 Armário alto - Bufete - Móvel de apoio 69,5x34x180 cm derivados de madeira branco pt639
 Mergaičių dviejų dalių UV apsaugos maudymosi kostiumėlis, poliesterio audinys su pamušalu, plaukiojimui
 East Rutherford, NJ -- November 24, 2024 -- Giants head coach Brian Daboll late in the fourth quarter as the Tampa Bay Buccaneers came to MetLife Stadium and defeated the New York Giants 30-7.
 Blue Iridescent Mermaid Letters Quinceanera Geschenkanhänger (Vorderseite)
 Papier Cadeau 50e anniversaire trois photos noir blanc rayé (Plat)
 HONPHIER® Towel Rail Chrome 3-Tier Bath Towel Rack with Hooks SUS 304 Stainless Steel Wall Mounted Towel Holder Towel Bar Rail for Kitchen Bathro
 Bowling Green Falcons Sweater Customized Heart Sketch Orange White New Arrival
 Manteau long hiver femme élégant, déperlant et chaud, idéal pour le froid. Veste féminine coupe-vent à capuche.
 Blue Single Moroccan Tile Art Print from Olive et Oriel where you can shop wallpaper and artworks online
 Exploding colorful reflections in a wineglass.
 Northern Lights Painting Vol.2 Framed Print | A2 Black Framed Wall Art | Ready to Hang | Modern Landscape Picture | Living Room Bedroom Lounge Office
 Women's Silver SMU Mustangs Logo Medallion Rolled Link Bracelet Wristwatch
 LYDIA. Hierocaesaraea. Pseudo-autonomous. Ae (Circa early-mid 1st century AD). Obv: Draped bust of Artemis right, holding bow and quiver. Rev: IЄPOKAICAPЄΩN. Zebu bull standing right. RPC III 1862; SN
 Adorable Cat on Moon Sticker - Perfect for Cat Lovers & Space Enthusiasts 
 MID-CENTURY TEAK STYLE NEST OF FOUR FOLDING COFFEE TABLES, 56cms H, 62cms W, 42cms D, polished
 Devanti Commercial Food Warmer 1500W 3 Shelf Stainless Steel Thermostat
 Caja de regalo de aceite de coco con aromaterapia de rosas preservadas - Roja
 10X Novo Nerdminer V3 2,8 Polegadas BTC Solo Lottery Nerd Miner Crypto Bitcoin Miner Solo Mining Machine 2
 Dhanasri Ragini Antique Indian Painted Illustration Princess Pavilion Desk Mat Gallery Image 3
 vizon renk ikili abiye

■ **Task to carry out**: Spot every line in the entries that includes the word "Steel", and copy each one out.

■ **Response area**:
 HONPHIER® Towel Rail Chrome 3-Tier Bath Towel Rack with Hooks SUS 304 Stainless Steel Wall Mounted Towel Holder Towel Bar Rail for Kitchen Bathro
 Devanti Commercial Food Warmer 1500W 3 Shelf Stainless Steel Thermostat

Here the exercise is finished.